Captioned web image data
================================
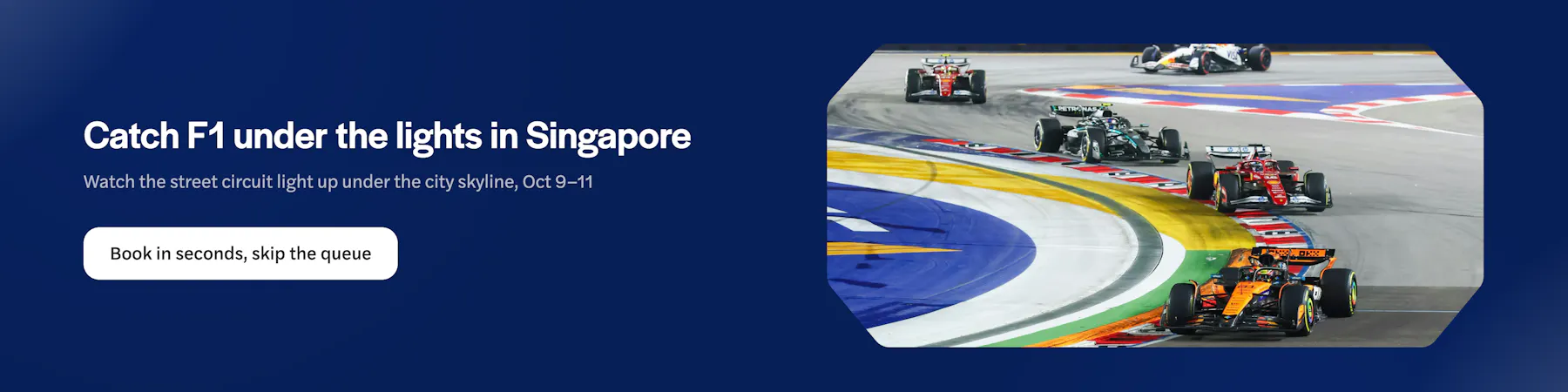 Formula 1 cars racing at Singapore Grand Prix night circuit.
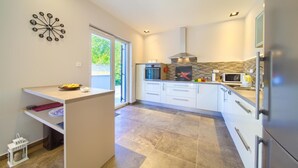 A modern kitchen with a built-in oven, microwave, and refrigerator. - Luxurious home in Risika (Risika)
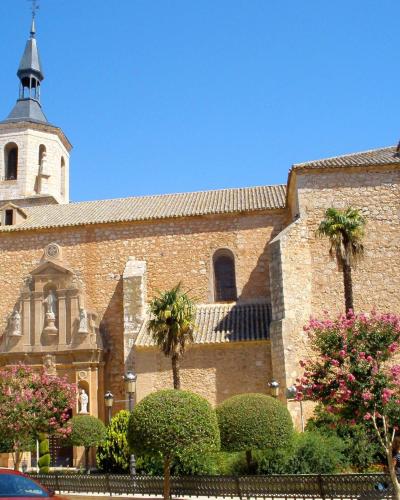 A stone church with a bell tower and spire, featuring a sculpted facade with statues, surrounded by manicured trees and flowering bushes under a clear blue sky.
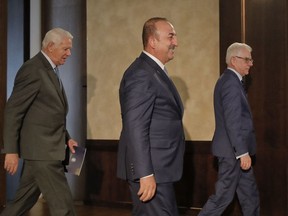 Turkey's Foreign Minister Mevlut Cavusoglu, center, walks with Polish Foreign Minister Jacek Czaputowicz, right, and Romanian Foreign Minister Teodor Melescanu, after a joint press conference in Bucharest, Romania, Tuesday, Sept. 11, 2018. The press conference concluded a trilateral foreign ministers meeting.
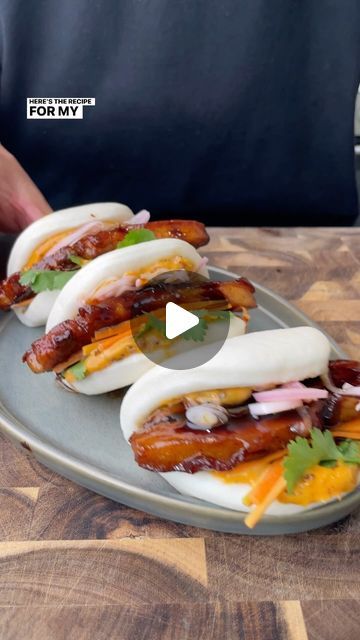 Dan Roberts on Instagram: "Pork Belly Bao Buns 🤤  Ingredients: serves 4-6  1kg pork belly strips skin removed 8 x Bao Buns homemade or store bought Coriander 1 carrot julienned  Braising liquid ingredients:  2/3 cup light soy sauce 2 Tbsp dark soy sauce 2/3 cup Shaoxing wine 1/2 cup brown sugar 2 cinnamon sticks 4 star anise 2 inch piece of ginger sliced 2 spring onions cut into batons 3 garlic cloves 2 cups water  Pickled Shallots:  2 shallots 1/4 cup rice vinegar 1/4 cup water 2 tablespoon sugar 1 teaspoon salt 1 tsp black peppercorns 1 tsp coriander seeds  Chilli Mayo:  ¼ cup Chilli Oil. ½ cup Japanese kewpie mayonnaise  Enjoy 😀  #porkbellybaobuns #baobuns #porkbelly #recipes #foodcreator #asmr" Pork Belly Bao Buns, Bao Buns Recipe, Pork Belly Bao, Pork Belly Strips, Pickled Shallots, Kewpie Mayonnaise, Ginger Slice, Bao Buns, Bun Recipe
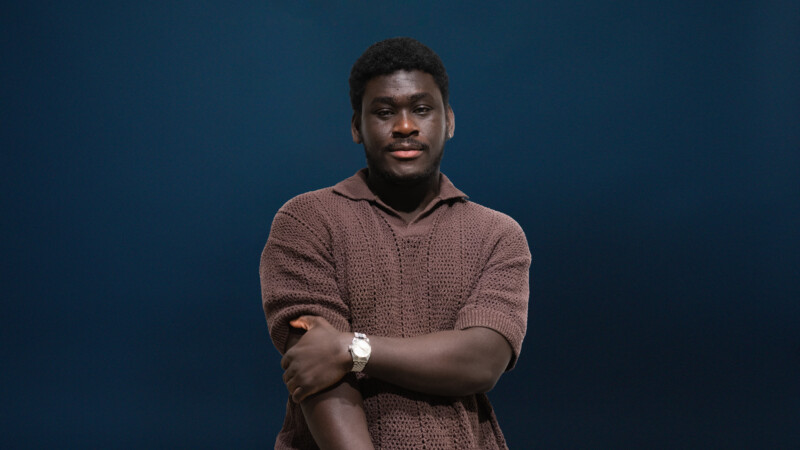 Ruskeaan villapaitaan pukeutunut nuori mies katsoo vakavana kameraan.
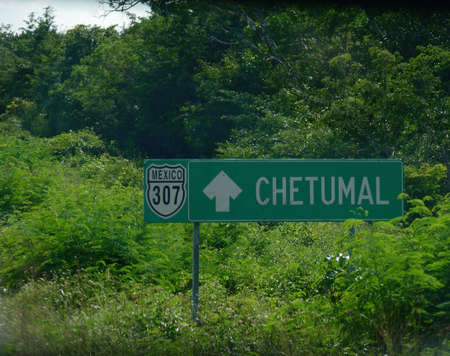 Directional sign by the road in Costa Maya with arrows pointing to the direction of Chetumal, about 142 kilometers away.の写真素材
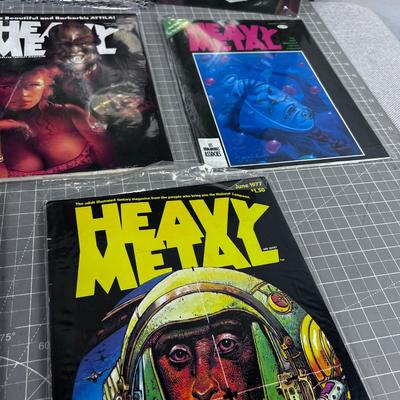 (8) Issues of HEAVY METAL Magazines 80's to early 90's WOW!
================================
> Your task
Would you write out an exact copy of the entries above, with no images?

> Final answer
 Formula 1 cars racing at Singapore Grand Prix night circuit.
 A modern kitchen with a built-in oven, microwave, and refrigerator. - Luxurious home in Risika (Risika)
 A stone church with a bell tower and spire, featuring a sculpted facade with statues, surrounded by manicured trees and flowering bushes under a clear blue sky.
 Turkey's Foreign Minister Mevlut Cavusoglu, center, walks with Polish Foreign Minister Jacek Czaputowicz, right, and Romanian Foreign Minister Teodor Melescanu, after a joint press conference in Bucharest, Romania, Tuesday, Sept. 11, 2018. The press conference concluded a trilateral foreign ministers meeting.
 Dan Roberts on Instagram: "Pork Belly Bao Buns 🤤  Ingredients: serves 4-6  1kg pork belly strips skin removed 8 x Bao Buns homemade or store bought Coriander 1 carrot julienned  Braising liquid ingredients:  2/3 cup light soy sauce 2 Tbsp dark soy sauce 2/3 cup Shaoxing wine 1/2 cup brown sugar 2 cinnamon sticks 4 star anise 2 inch piece of ginger sliced 2 spring onions cut into batons 3 garlic cloves 2 cups water  Pickled Shallots:  2 shallots 1/4 cup rice vinegar 1/4 cup water 2 tablespoon sugar 1 teaspoon salt 1 tsp black peppercorns 1 tsp coriander seeds  Chilli Mayo:  ¼ cup Chilli Oil. ½ cup Japanese kewpie mayonnaise  Enjoy 😀  #porkbellybaobuns #baobuns #porkbelly #recipes #foodcreator #asmr" Pork Belly Bao Buns, Bao Buns Recipe, Pork Belly Bao, Pork Belly Strips, Pickled Shallots, Kewpie Mayonnaise, Ginger Slice, Bao Buns, Bun Recipe
 Ruskeaan villapaitaan pukeutunut nuori mies katsoo vakavana kameraan.
 Directional sign by the road in Costa Maya with arrows pointing to the direction of Chetumal, about 142 kilometers away.の写真素材
 (8) Issues of HEAVY METAL Magazines 80's to early 90's WOW!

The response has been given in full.